Next, we can write the first equation as
P/K = log(1-theta) + a*theta^2
Ok, so we can take it that far pretty easily. Now, lets first check one thing. Do we have sufficient information to infer the values of all variables?
We have 12 data points, thus 12 combinations of c and P. For each combination of c and P, theta is unknown. So there are 12 unknown values of theta. As well, we don't know the values of a and b, nor do we have the value of K. (Of course, once you give me the values of R and T, I could infer the value of omega.)
So for 12 data points, we have 12+3=15 unknown parameters, and 12*2=24 equations that relate these parameters together.
So in theory, there is sufficient information to estimate all 15 unknowns. Of course, theory and practice often seem to get in the way of each other.
What do we know about the unknown parameters?
We know that theta lies in the interval (0,1).
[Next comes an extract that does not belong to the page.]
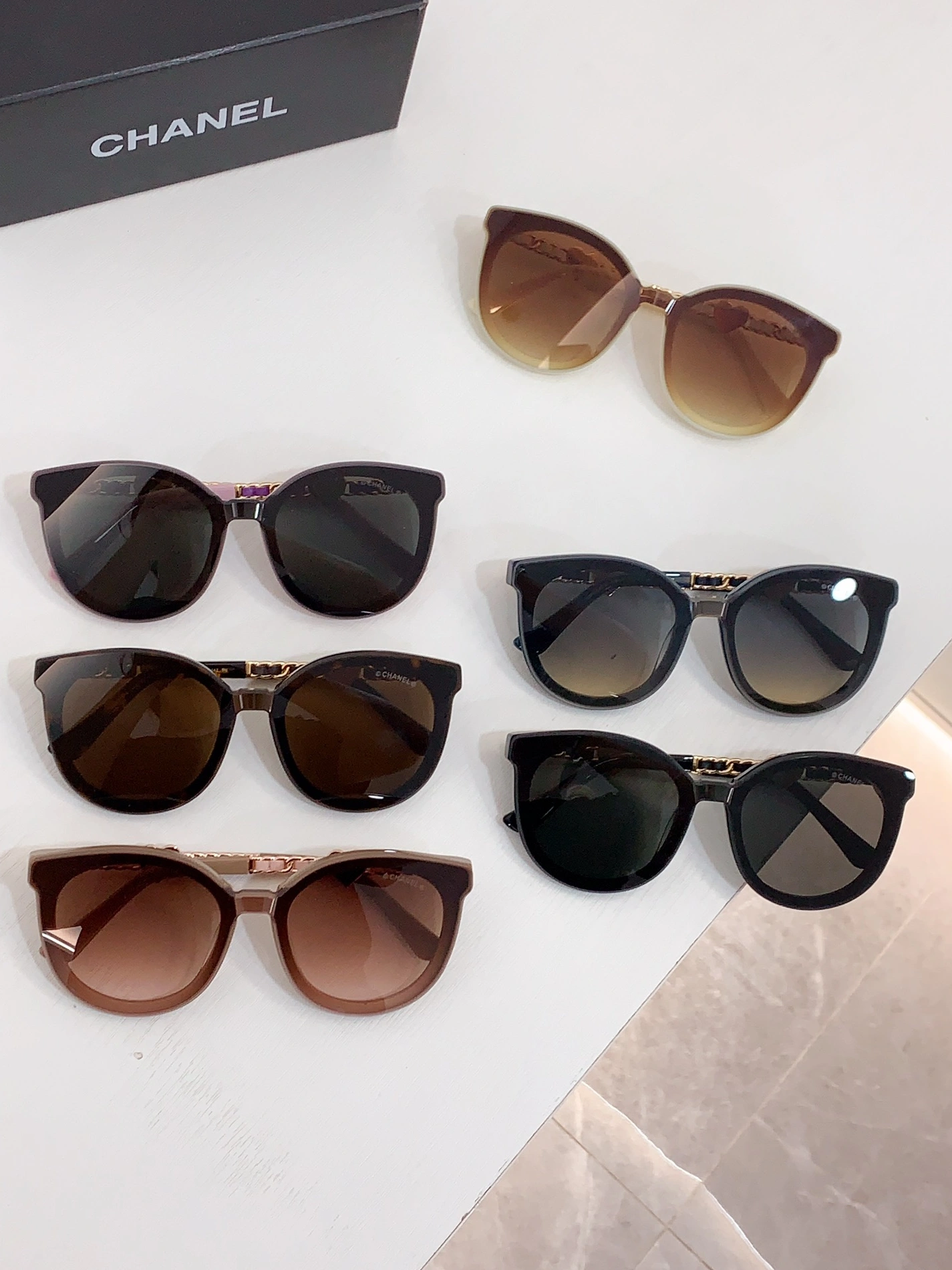 Comfortable 1639 Chanel AAA Quality Sunglasses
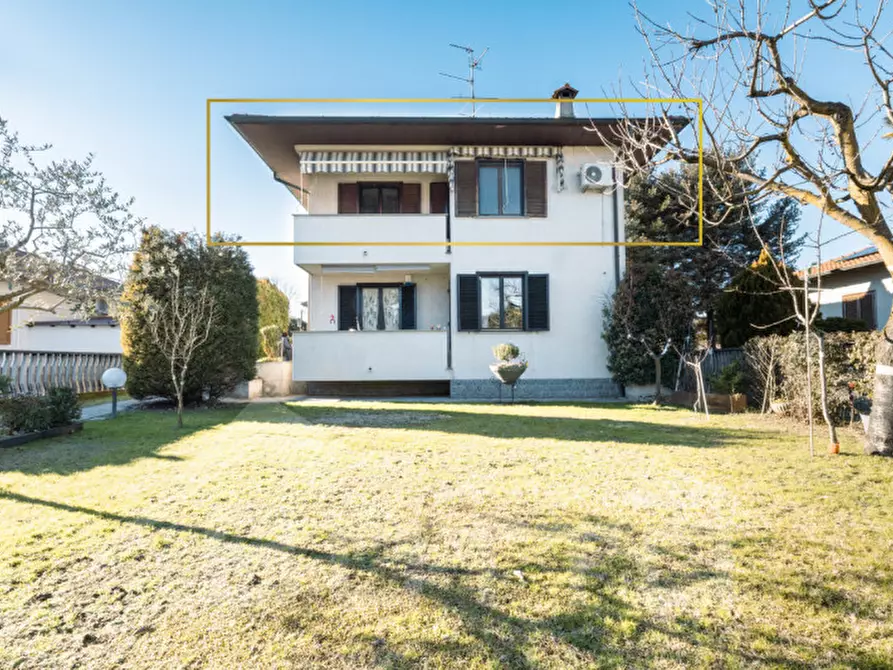 Immagine 1 di Appartamento in vendita  in VIA MATTEOTTI 78 a Lonate Pozzolo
It cannot lie outside of that interval, since otherwise we will see the log of zero or a negative number.
a you said should lie in the interval [0,20].
You told us a range for omega, but since you gave us no information about R or T, we are lost there.
b is also a complete unknown. You gave nothing at all there, except we know it must be positive.
I think my approach will be to use an optimization tool to pose various values for the unknown constants a, b, and K (and therefore implicitly omega.) Given any value of those three parameters, I now have TWO equations for each value of theta. Find the value of theta in the interval (0,1) which minimizes the errors for those two equations, for EVERY pair (c,P). Once that is done, return the overall sum of squares of residuals to the optimization tool.
This scheme effectively optimizes all 15 parameters at once.
Now, let me take a stab at it...
function [a,b,K,theta] = optimizeparameters(c,P)
% Lacking intelligent starting values for those parameters,
% I'll just pick some.
abk0 = [10,1,1];
% Now call the optimizer. I'll just use fminsearchbnd,
% this will allow me to constrain a, b, and K to be positive.
% I won't set any upper bounds.
LB = [0 0 0];
UB = [inf inf inf];
options= optimset('fminsearch');
options.Display = 'iter';
abkfinal = fminsearchbnd(@abkfun,abk0,LB,UB,options);
% once we know the final values of a, b and K, get theta for those values.
[~,a,b,K,theta] = abkfun(abkfinal);
% a nested function to compute a sum of squares of residuals,
% as well as theta.
function [ssq,a,b,K,theta] = abkfun(abk)
a = abk(1);
b = abk(2);
K = abk(3);
n = numel(c);
% solve for each theta.
theta = zeros(size(c));
ssq = 0;
for i = 1:n
thetafun = @(theta) (log(1-theta) + a*theta^2 - P(i)/K)^2 + ...
(log(b) + log(c(i)) - log(theta) + log(1-theta) + 2*a*theta).^2;
[theta(i),ssqi] = fminbnd(thetafun,eps,1-eps);
ssq = ssq + ssqi;
end
end
end
Now, lets run the code passing in c and P.
[a,b,K,theta] = optimizeparameters(c,P)
(I've cut away the fminsearch display output here...)
a =
3095.1
b =
8.8421e-11
K =
664.46
theta =
0.0025503
0.0025737
0.0026008
0.0026322
0.0026713
0.0026936
0.0027204
0.0027509
0.0027882
0.0028384
0.0029067
0.0030234
I'll note that you said a should be up to about 20. But I question if you know that limit, since a seems to want to go to around 3000.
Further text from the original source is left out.